» Work item:
Print all of the data exactly, but drop the pictures.

» The data:
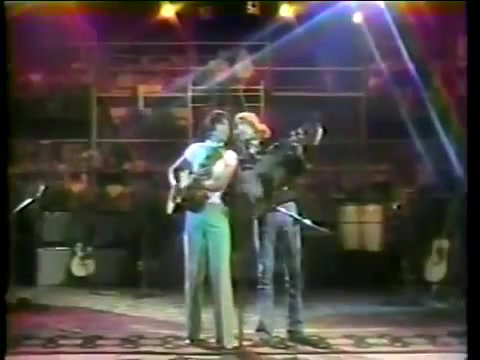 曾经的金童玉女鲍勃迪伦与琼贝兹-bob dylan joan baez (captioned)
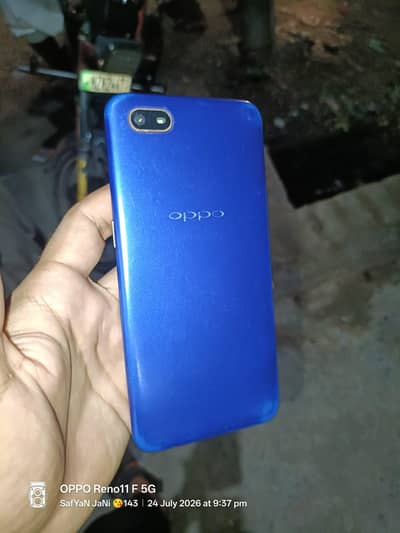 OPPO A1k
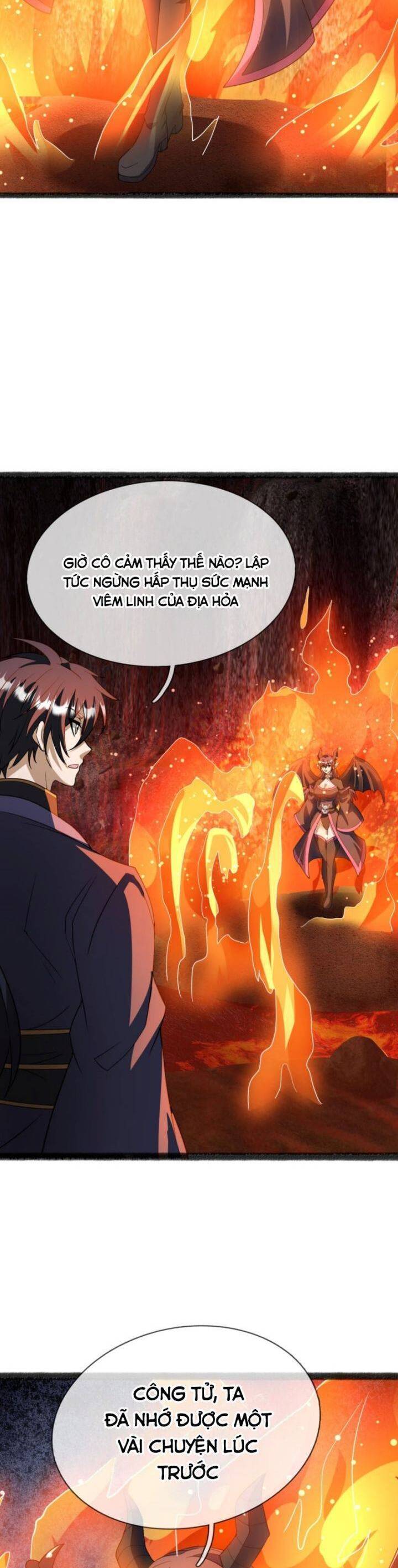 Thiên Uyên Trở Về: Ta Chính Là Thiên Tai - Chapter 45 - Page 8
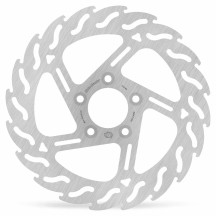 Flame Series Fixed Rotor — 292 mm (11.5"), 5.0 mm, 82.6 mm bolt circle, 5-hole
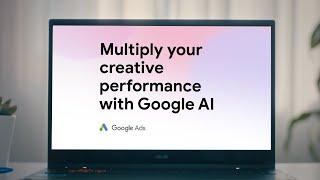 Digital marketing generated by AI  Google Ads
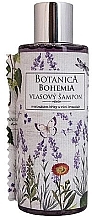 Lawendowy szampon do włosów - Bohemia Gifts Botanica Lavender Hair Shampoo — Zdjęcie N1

» Answer below:
 曾经的金童玉女鲍勃迪伦与琼贝兹-bob dylan joan baez (captioned)
 OPPO A1k
 Thiên Uyên Trở Về: Ta Chính Là Thiên Tai - Chapter 45 - Page 8
 Flame Series Fixed Rotor — 292 mm (11.5"), 5.0 mm, 82.6 mm bolt circle, 5-hole
 Digital marketing generated by AI  Google Ads
 Lawendowy szampon do włosów - Bohemia Gifts Botanica Lavender Hair Shampoo — Zdjęcie N1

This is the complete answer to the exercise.